- **PROBLEM**: All of the data should be restated word for word.

- **GIVEN DATA**:
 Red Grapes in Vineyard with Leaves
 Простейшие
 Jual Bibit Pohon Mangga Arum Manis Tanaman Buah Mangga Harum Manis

- **EXERCISE RESULT**:
 Red Grapes in Vineyard with Leaves
 Простейшие
 Jual Bibit Pohon Mangga Arum Manis Tanaman Buah Mangga Harum Manis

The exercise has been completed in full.